Ian Roderick Douglas died in February 2013 aged 72. Ian was unmarried, with an estate valued at $ 1,250,000. In a Will (“the Will”) made in May 2010, he appointed David Cummins and Barry Miller as his executors (“the executors”) probate of the Will was granted to them in May 2013.

Following payment of debts and other pecuniary legacies the Will distributed one half of the residue to his daughter Darcel Wu; the other half of the residue was left to a daughter he had yet to find, whose name and whereabouts were unknown to Ian at the time he made the Will but who he believed lived in Victoria (“Victorian daughter’).

“If it can be established that the Victorian daughter died before me leaving children then her children shall take the share which their mother would otherwise have taken. If my Victorian daughter cannot be found or is proved not to have survived me and to have died without children then the share she would have taken shall pass to Darcel.

Darcel was born in 1964, and until she was 17 believed that her mother’s husband was her father, she met Ian about 1990, following which they met infrequently. In 2012 Ian told Darcel that he had been made aware that he had fathered a daughter who lived in Victoria who he wanted Darcel to meet once his Victorian Daughter had been located.

Neither the executors nor the persons who were given pecuniary legacies by the will had any knowledge of Ian having another daughter. Ian told Darcel that he did not know the name of his daughter or anything about her, only that she might exist.

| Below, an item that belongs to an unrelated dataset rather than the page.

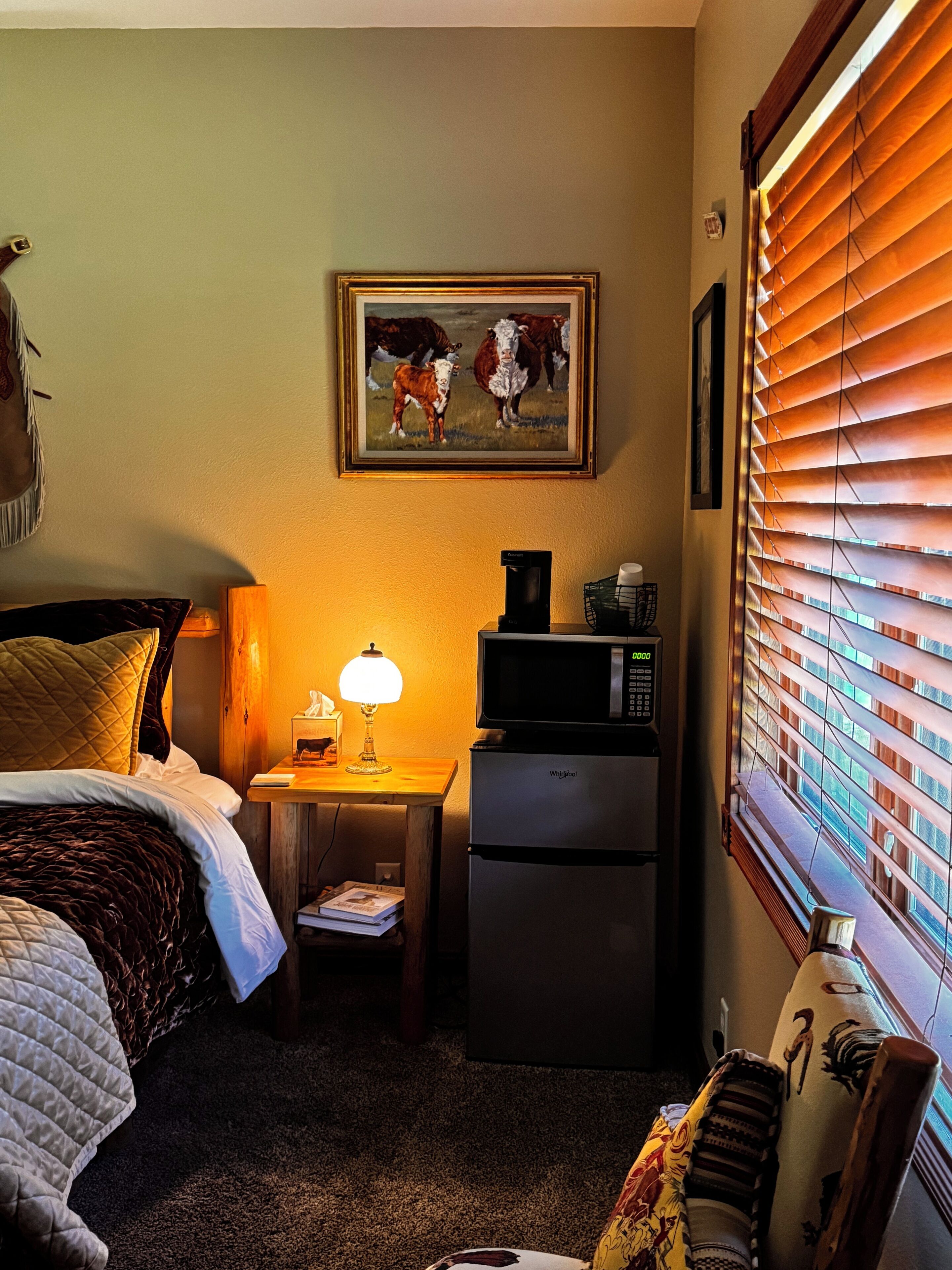 Una camera d'albergo con un letto, una scrivania con una lampada, un frigorifero, un quadro appeso al muro e una finestra con persiane.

Establishing the identity or whereabouts of the Victorian Daughter to whom part of Ian’s estate should be distributed and the inability, despite adducing all available evidence, of ruling out the possibility that she exists or had descendants who might still be alive adds considerable difficulty to the executors’ duties. Unless after considering the available evidence the Court orders that the executors may distribute the estate, administration of the estate cannot be finalised.

The executors were unable to identify or locate the “Victorian daughter” and applied to the Court seeking a “Benjamin order” allowing them to distribute the whole of the estate to Darcel without prejudice against the rights of the Victorian daughter (or her children) to claims to a half share of the residuary estate.

A “Benjamin order” is named after Re: Benjamin; Neville v Benjamin 1902] 1 Ch 723. Where a beneficiary was presumed dead having not been heard of for seven years. The Will maker died less than a year after the beneficiary was last heard of. A “Benjamin order” relieves the executor from liability if the estate or part of it was distributed to the wrong person.

An example of orders usually sought are:

1. a declaration that the beneficiary predeceased the deceased;

2. in the alternative, an order that the plaintiff be at liberty to distribute the estate;

3. in the alternative, the plaintiff seek the opinion and advice and direction of the Court in respect of the facts set out in the plaintiff’s affidavit; and

4. an order that the plaintiff’s costs be paid out of the estate on an indemnity basis.

The plaintiff is required to carry out all necessary and proper investigations to determine the persons who are or may be entitled on intestacy to the estate.

The Court was satisfied that all reasonable attempts had been made by the executors to locate the beneficiary, and ordered that they were free to distribute the estate to Darcel without personal risk. The Court further held that no conditions (such as a grant of security by Darcel ) should be placed on the order.